(Photo used with permission of Wikimedia Commons.)
For the most part, those who worked in Italian exploitation filmmaking during its '70s/'80s heyday weren't huge names to anyone outside of a circle of staunch genre admirers. Sure, you had Mario Bava, Lucio Fulci and Dario Argento - bona fide auteurs whose brands rang out within larger collections of cult film fans. But Sergio(s) Martino and Corbucci, Antonio Margheriti, and Enzo Castellari were writer/directors who better exemplified the blue collar nature of the nation's cheap thrill factory. Most of the directors who maintained legitimate careers were the very definition of "workmen", jumping genres and chasing trends, just so they could manage a respectable level of employability, all while honing their craft with each jangly, moody, hyper-violent picture.

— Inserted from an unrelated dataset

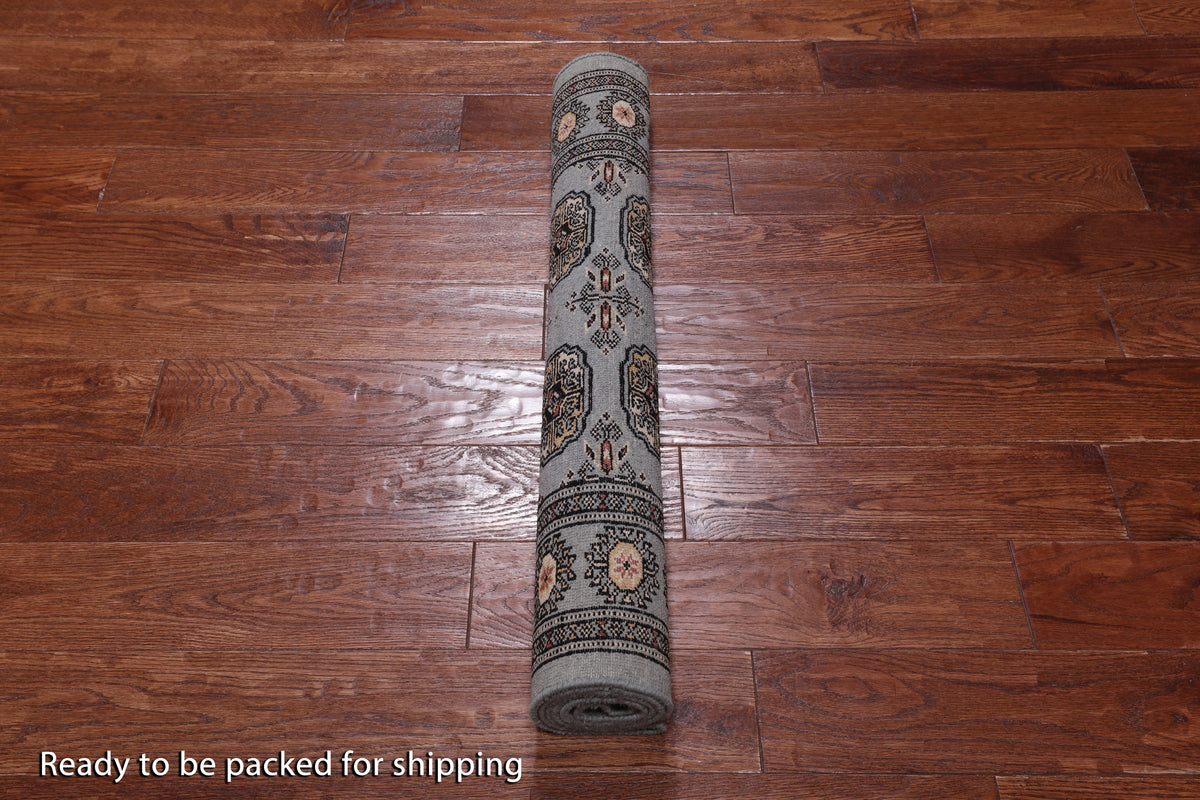 Grey Bokhara Hand-Knotted Wool Rug - 3' 0" X 5' 4"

However, none were as committed to upholding Italy's image as the shlock capital of the world quite like Umberto Lenzi, who minted era-specific masterworks in nearly every subclassification of the Italo-explo scene. Following a brief stint studying law before immersing himself in film at the Centro Sperimentale di Cinematografica (where he shot shorts based on the writings of Pasolini), Lenzi cut his teeth working in the Greek film industry, completing one still unreleased picture (Vacanze ad Atene ['58]). Fantasy and costumed dramas like Samson and the Slave Queen ('63) and The Invincible Masked Rider ('64) were added to his resume during his earliest days as an entertainer; populist B-Movies meant for budget matinees.
When "international man of mystery" movies were popular in the wake of James Bond, he made the Eurospy knock-off equivalent in 008: Operation Exterminate ('65). Macaroni War movies came next with Desert Commandos ('67) and Legion of the Damned ('69), along with Spaghetti Westerns such as Pistol For a Hundred Coffins ('68). As giallos peaked in popularity during the early to mid-'70s, he delivered still underloved staples in Seven Bloodstained Orchids ('72), Spasmo ('74), and Eyeball ('75). Gang War In Milan ('73) is arguably one of the best poliziotteschi pictures in a subgenre filled with great movies. No genre stone went unturned for Lenzi, as he seemed to get better with each entry into the Eurotrash canon.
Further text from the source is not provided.